# MATERIAL PROVIDED:
Segment Open

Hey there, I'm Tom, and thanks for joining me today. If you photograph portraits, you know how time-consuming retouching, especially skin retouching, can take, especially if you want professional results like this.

Segment Closed
Segment Open

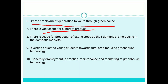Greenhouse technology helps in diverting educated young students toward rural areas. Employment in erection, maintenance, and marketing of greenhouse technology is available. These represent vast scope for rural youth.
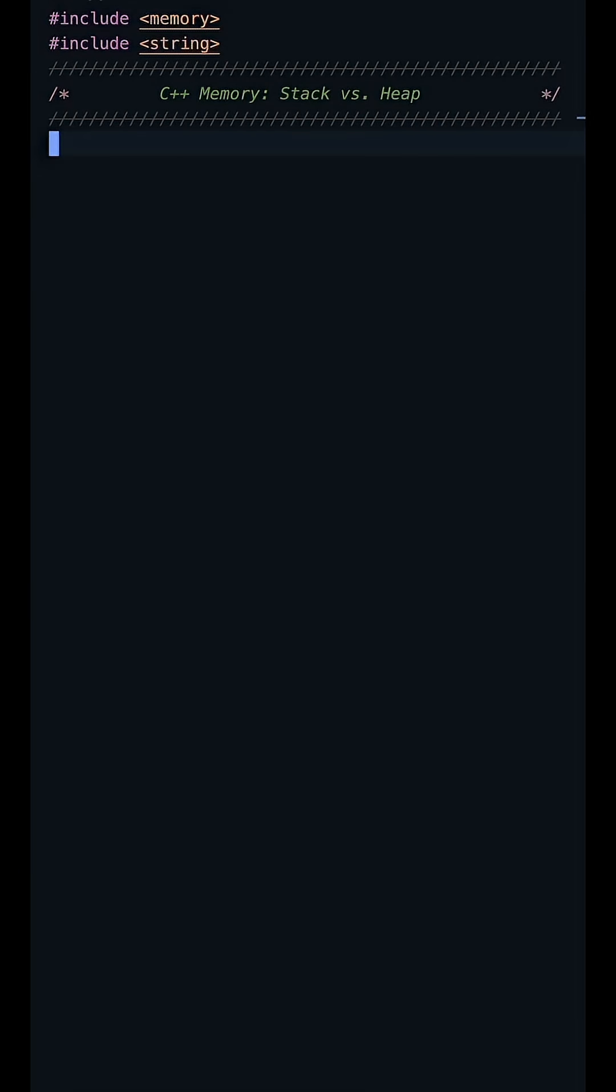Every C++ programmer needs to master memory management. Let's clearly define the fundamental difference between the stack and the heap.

Segment Closed

# WHAT IS EXPECTED:
Keep to the lines above from the line with "Greenhouse technology helps" to the line with "Every C++ programmer", and set down exactly those, inclusive, with nothing else and every picture left out.

# THE ANSWER:
Greenhouse technology helps in diverting educated young students toward rural areas. Employment in erection, maintenance, and marketing of greenhouse technology is available. These represent vast scope for rural youth.
Every C++ programmer needs to master memory management. Let's clearly define the fundamental difference between the stack and the heap.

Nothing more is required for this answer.